Anyone whose priority is remarkable efficiency — 70.9% on swe-bench verified from only 3b active parameters
→ Laguna XS 2.1
It is specifically built for that.
Anyone whose priority is near-frontier agentic coding — topped openrouter anonymously as 'owl alpha' for two months
→ LongCat-2.0
That is its strongest area.
An enterprise with regional data-residency rules
→ Laguna XS 2.1 or LongCat-2.0
Origin (US vs China) affects where data is processed and which compliance regime applies — check the provider's terms for your region.
Laguna XS 2.1: where it fits
A 33B open-weight coding MoE running on 3B active parameters — 70.9% SWE-Bench Verified and very cheap, but unproven. Released July 2, 2026 by Poolside, it is built for remarkable efficiency — 70.9% on SWE-Bench Verified from only 3B active parameters, open weights under OpenMDW-1.1, shipped day one in BF16, FP8, NVFP4 and INT4 across every major runtime, cheap even on the paid tier, at roughly a sixth of GLM 4.7's input price, and unusually transparent evaluation — it publishes its harness, step limits, and sandbox specs.
Its trade-offs are real: weeks old with no independent replication; every published score traces back to Poolside's own harness, the free endpoint trains on your inputs and outputs — disqualifying for proprietary code, which is its main use case, and weak on harder agentic work (37.5 on Terminal-Bench 2.0), and its gain over XS.2 is barely above noise. At $0.1 in / $0.2 out per million tokens, it sits in the budget price band.
LongCat-2.0: where it fits
A trillion-parameter, MIT-licensed open MoE delivering near-frontier agentic coding at 1M context — trained entirely on Chinese chips. Released July 5, 2026 by Meituan, it is built for near-frontier agentic coding — topped OpenRouter anonymously as 'Owl Alpha' for two months, massive native 1M context at near-linear cost via sparse attention, fully MIT-licensed 1.6T-parameter mixture-of-experts (about 48B active), and trained end to end on domestic Chinese chips, independent of Nvidia hardware.
Its trade-offs: a 1.6T model is extremely expensive to self-host, so most use leans on the China-hosted API, and headline scores are vendor-reported on SWE-Bench Pro, not the Verified set. As an open-weight model, its running cost is your own hardware rather than a per-token fee.

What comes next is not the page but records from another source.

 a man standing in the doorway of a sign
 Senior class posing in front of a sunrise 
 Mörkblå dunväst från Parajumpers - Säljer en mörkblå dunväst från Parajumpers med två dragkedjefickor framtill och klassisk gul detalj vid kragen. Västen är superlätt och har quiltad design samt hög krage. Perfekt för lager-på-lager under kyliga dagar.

The bottom line for this matchup
This is less "which is smarter" and more "which ecosystem fits." Laguna XS 2.1 (US) and LongCat-2.0 (China) differ on pricing philosophy, data-residency, and tooling as much as on raw scores. LongCat-2.0 is the cheaper option, which matters at volume. The pragmatic move is to run one real task through both and judge the outputs against your own constraints — including where your data is allowed to be processed.

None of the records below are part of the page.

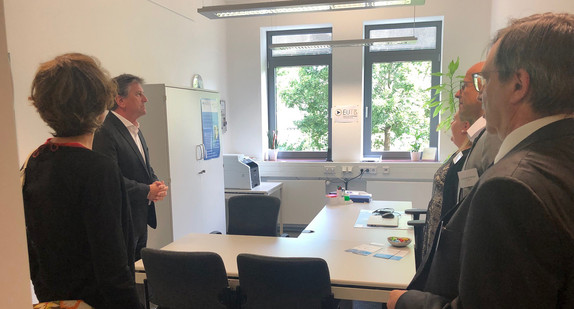 Minister Manne Lucha steht mit Mitarbeitenden der Ergänzenden unabhängigen Teilhabeberatung im Landkreis Schwäbisch Hall in deren Büro.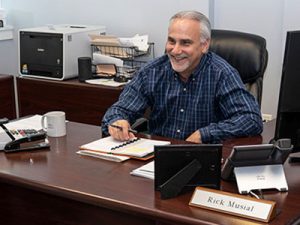 Rick Musial VP of Underwriting for America's Car-Mart sitting at desk smiling while working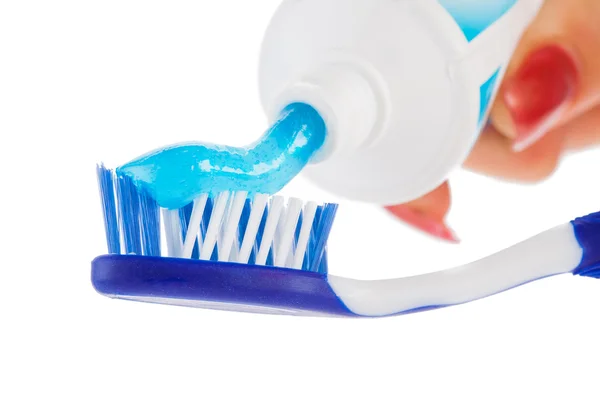 Brosse à dents avec pâte à dents sur fond blanc — Photo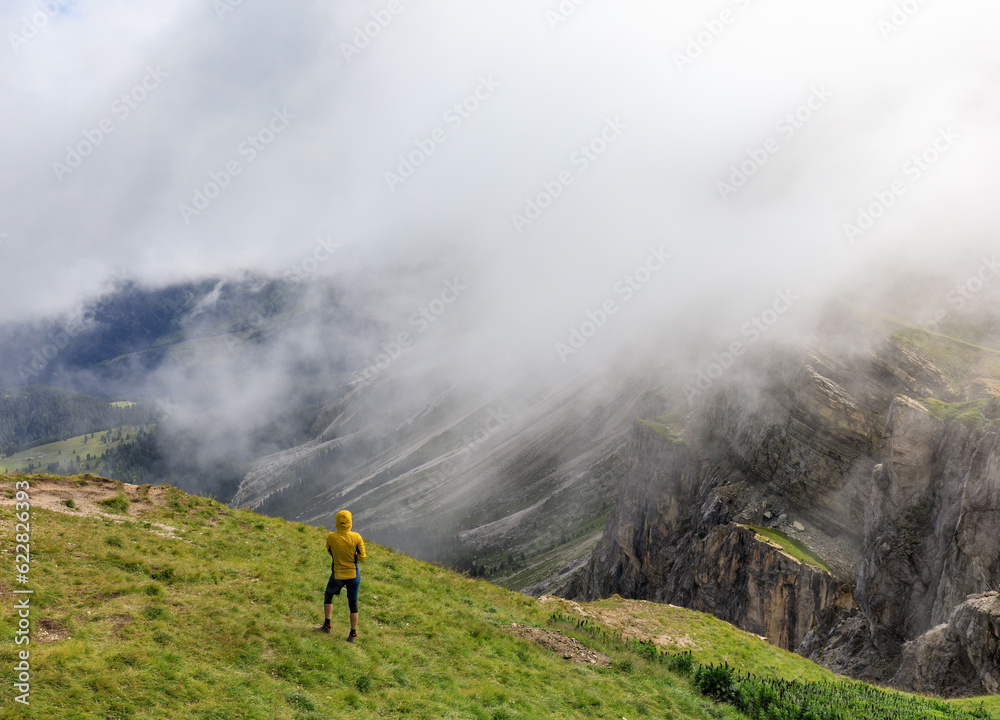 Person standing at Seceda mountain ridgeline in Dolomites, Italy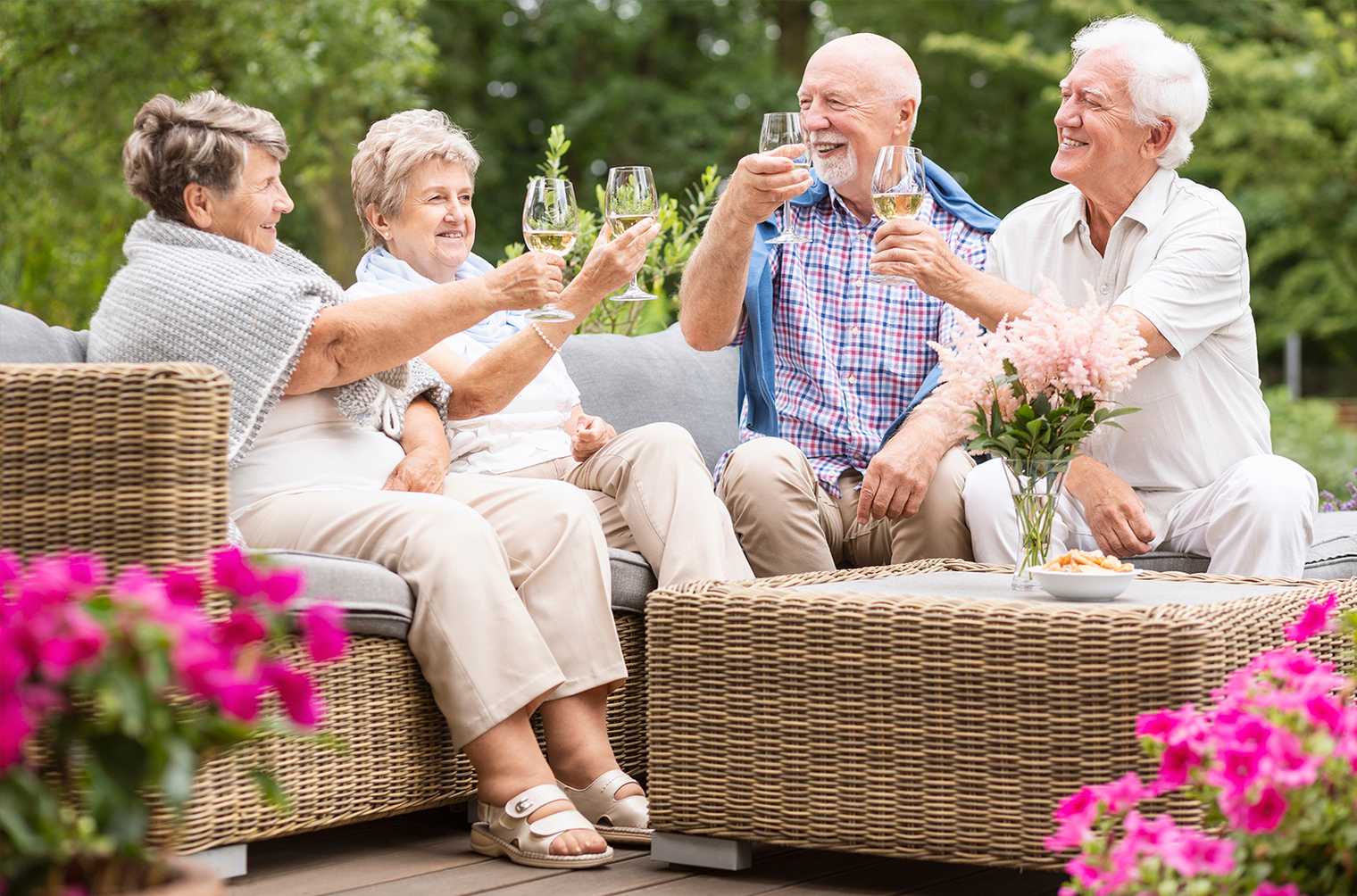 Four retirees enjoy drinks in the garden of their rental accommodation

Want both Laguna XS 2.1 and LongCat-2.0 without two subscriptions? LumiChats gives you these plus 40+ models under one ₹69/day pass (about $1/day) — draft with one, cross-check with the other.
Is Laguna XS 2.1 or LongCat-2.0 better for coding?

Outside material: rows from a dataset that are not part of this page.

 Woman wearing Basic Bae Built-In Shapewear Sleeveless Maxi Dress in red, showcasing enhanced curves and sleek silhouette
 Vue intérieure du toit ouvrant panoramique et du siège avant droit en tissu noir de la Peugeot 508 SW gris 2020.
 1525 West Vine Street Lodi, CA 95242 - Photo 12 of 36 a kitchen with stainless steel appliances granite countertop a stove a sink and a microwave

Public SWE-Bench figures are not available for LongCat-2.0, so the honest test is your own repository — run an identical real bug through both. By design, Laguna XS 2.1 leans toward remarkable efficiency — 70.9% on swe-bench verified from only 3b active parameters while LongCat-2.0 leans toward near-frontier agentic coding — topped openrouter anonymously as 'owl alpha' for two months, and that positioning usually predicts which feels better on your codebase.
Which is cheaper, Laguna XS 2.1 or LongCat-2.0?
LongCat-2.0 is cheaper — $0.1/$0.2 per 1M tokens vs Open weight (self-host / free).
Which has the bigger context window?
LongCat-2.0 — 1M vs 256K, about 3.8× larger. Useful only if the model actually reasons over the full window, which not all do.
Can I use both Laguna XS 2.1 and LongCat-2.0 together?
Yes — a multi-model platform like LumiChats gives you Laguna XS 2.1, LongCat-2.0 and 40+ others under one ₹69/day pass (about $1/day), so you can draft with one and cross-check with the other instead of buying two subscriptions.
Which is newer, Laguna XS 2.1 or LongCat-2.0?
LongCat-2.0 — released July 5, 2026, about 3 days after Laguna XS 2.1.
Specifications and benchmarks reflect publicly reported figures as of June 2026 and may change as providers release updates. Always verify on your own workload.